- **SUPPLIED DATA**
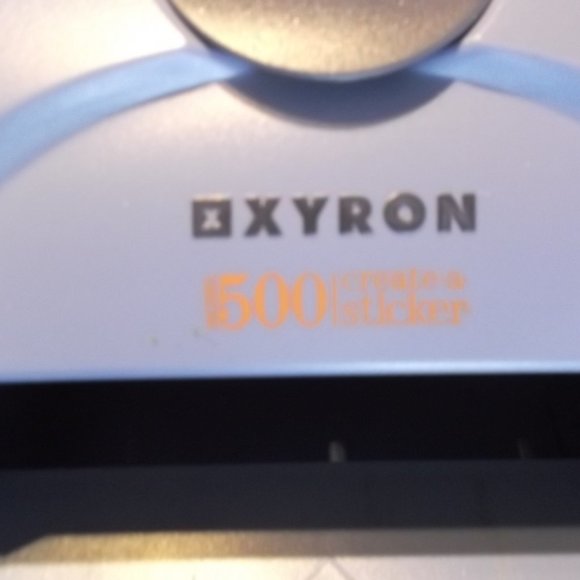 Xyron Model 500 Create-A-Sticker Purple sticker maker - Picture 7 of 7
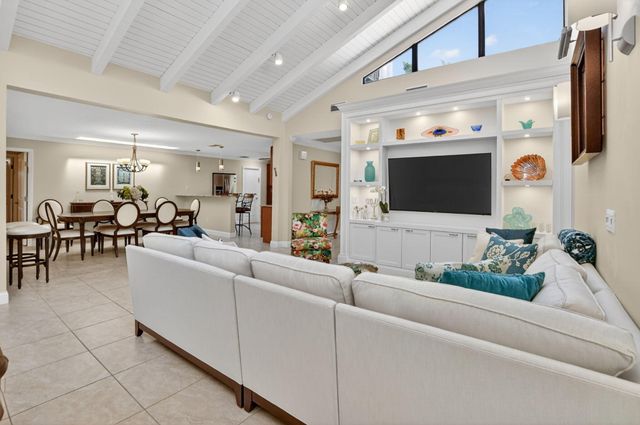 8208 Casa Del Lago 23b, Boca Raton, FL 33433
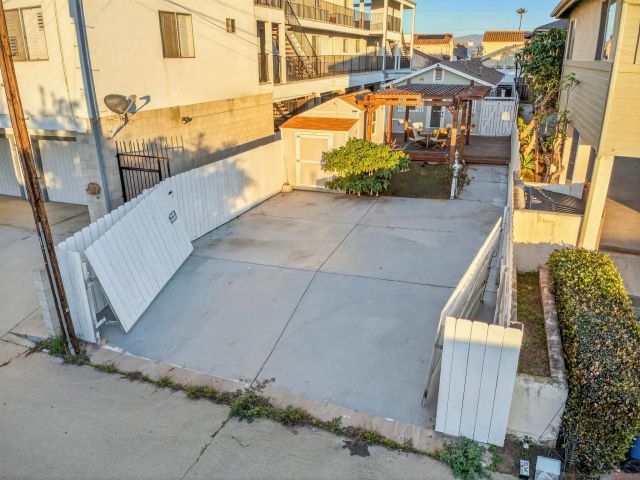 530 11th St, Imperial Beach, CA 91932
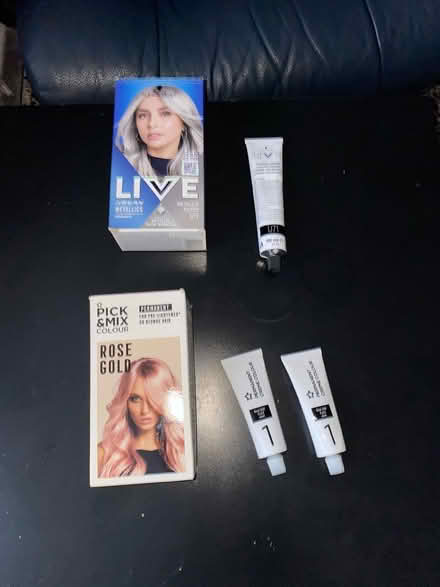 Photo of free Hair dye (Bow E3) #1
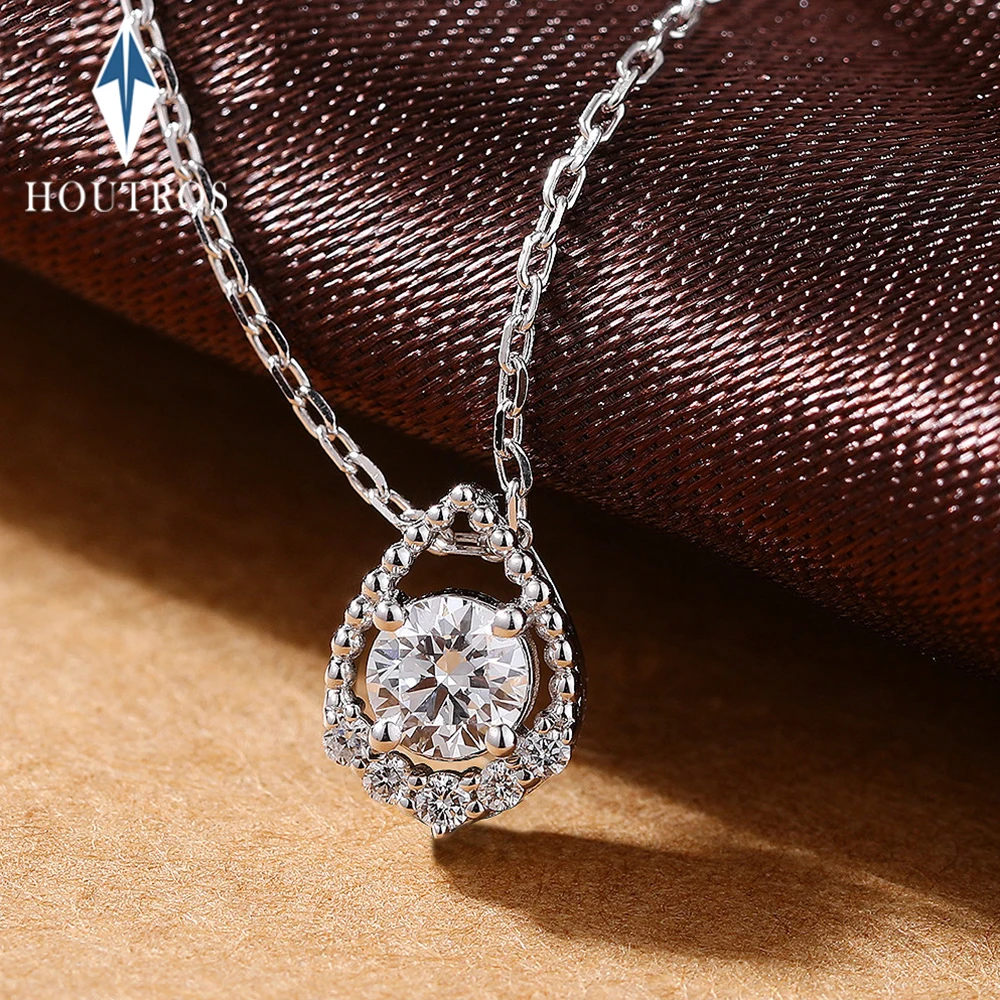

0.5Carat Round Cut Moissanite Pendant Necklace for Women 925 Sterling Silver 18k Plated Unique Design Collarbone Chain Jewelry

- **PROBLEM**
Reproduce only the lines from the first line of the listing above up to and including the line that holds "Photo of free Hair dye (Bow E3) #1". Omit the pictures.

- **ANSWER FOR THE TASK**
 Xyron Model 500 Create-A-Sticker Purple sticker maker - Picture 7 of 7
 8208 Casa Del Lago 23b, Boca Raton, FL 33433
 530 11th St, Imperial Beach, CA 91932
 Photo of free Hair dye (Bow E3) #1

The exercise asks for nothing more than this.